Artykuły

Amatorzy uczą zawodowców... pasji

W przeciwieństwie do wielu innych produkcji, "Oratorium Dance Project" nie był popisem umiejętności i sprawności technicznej. Dominowała w nim radość wspólnej pracy i odkrywania własnego talentu, a przede wszystkim zapał i twórcza energia. Zapał i energia, której brakowało... filharmonikom - o Oratorium Dance Project w Teatrze Chorea pisze Alexandra Kozowicz w Gazecie Wyborczej - Łódź.

Oratorium Dance Project Młodzi ludzie - gimnazjaliści i uczniowie podstawówek, którzy dotychczas więcej czasu spędzali na podwórku lub na ulicy - po raz pierwszy w życiu wystąpili na profesjonalnej scenie. Towarzyszyli im zawodowi artyści a także chór i orkiestra Filharmonii Łódzkiej.

- To dla nas najważniejszy dzień w życiu - przywitał publiczność Tomasz Rodowicz, organizator projektu, dyrektor teatru Chorea. - Zaraz zobaczycie małą Łódź, jej energię, kreatywność, a przede wszystkim efekt codziennej, kilkumiesięcznej i ciężkiej pracy.
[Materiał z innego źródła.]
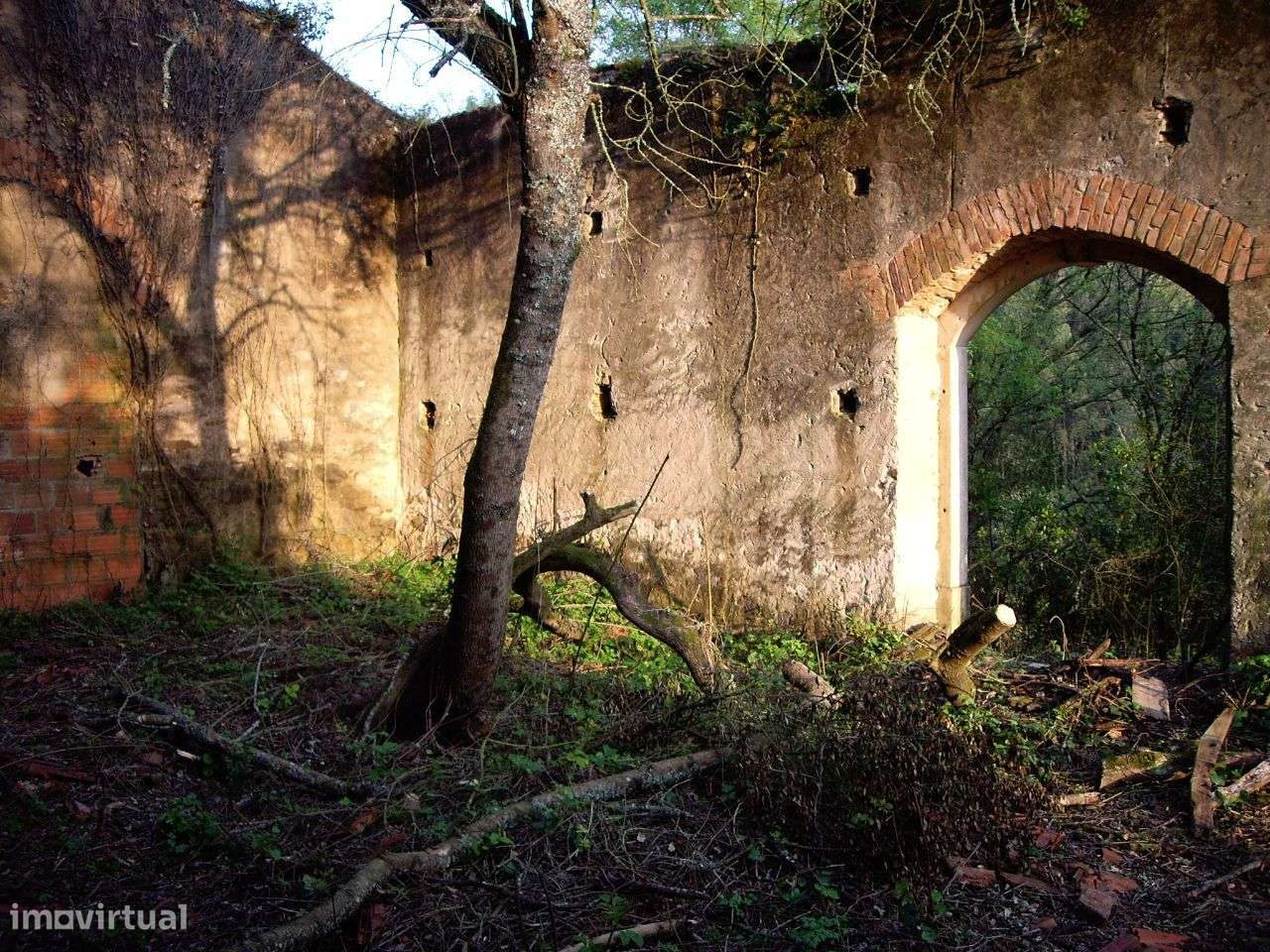 Quinta do Conventinho - Óbidos-5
Dzisiejszego wieczoru zaproponujemy nowy model kultury, który, mamy nadzieję, trwale zapisze się w krajobrazie Łodzi - obiecywał.

"Oratorium Dance Project", który spotykał się z wieloma przeszkodami udało się wreszcie zrealizować we współpracy z prywatną instytucją, czyli klubem Wytwórnia. Ponadstuosobowa grupa uczestników projektu miała wcześniej wystąpić w Teatrze Wielkim. - Teatr, jako państwowa instytucja zaproponował jednak tak wysoką stawkę za "wypożyczenie" sceny, że musieliśmy na wstępie zrezygnować - tłumaczył Rodowicz.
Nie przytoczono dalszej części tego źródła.